Живая жизнь - страница 25
«Он задумался о том, что в эпилептическом состоянии его была одна степень почти перед самым припадком, когда вдруг, среди грусти, душевного мрака, давления, мгновениями как бы воспламенялся его мозг и с необыкновенным порывов напрягались разом все жизненные силы его. Ощущение жизни, самосознания почти удесятерялось в эти мгновения, продолжавшиеся, как молния. Ум, сердце озарялись необыкновенным светом; все волнения, все сомнения его, все беспокойства как бы умиротворялись разом, разрешались в какое-то высшее спокойствие, полное ясной, гармонической радости и надежды».
Все существо человека вдруг говорит жизни:
— Да, это правда!
Душа как будто становится совсем другою, она преисполняется неодолимой силы жизни — той силы, через которую единственно познается глубочайшая первооснова жизни.
Но это лишь обман самочувствия.
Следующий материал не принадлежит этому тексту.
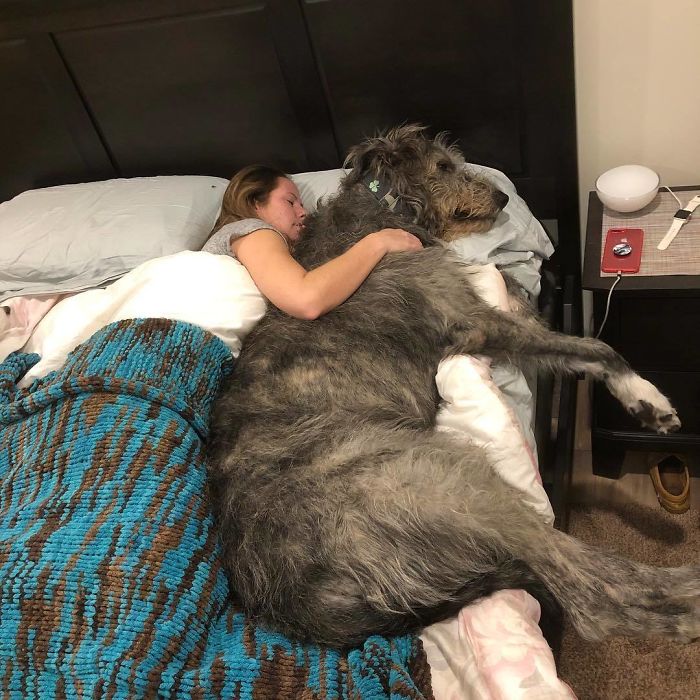 Not Only Is Tully A Bed Hog, He’s A Pillow Hog Too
За силу жизни принимаются судорожно обострившиеся, глубоко болезненные процессы души, за вечную гармонию — величайшая дисгармония. Ордынов переживает свои ощущения в бреду горячки. Мышкин — неизлечимый эпилептик. Кириллову говорит Шатов: «Берегитесь, Кириллов, я слышал, что именно так падучая начинается!»
Поэтому вполне естественно и понятно, что, почувствовав гармонию мира, сказав жизни: «Да, это правда!» — люди эти приходят не к утверждению жизни, а как раз к обратному — к полнейшему ее отрицанию.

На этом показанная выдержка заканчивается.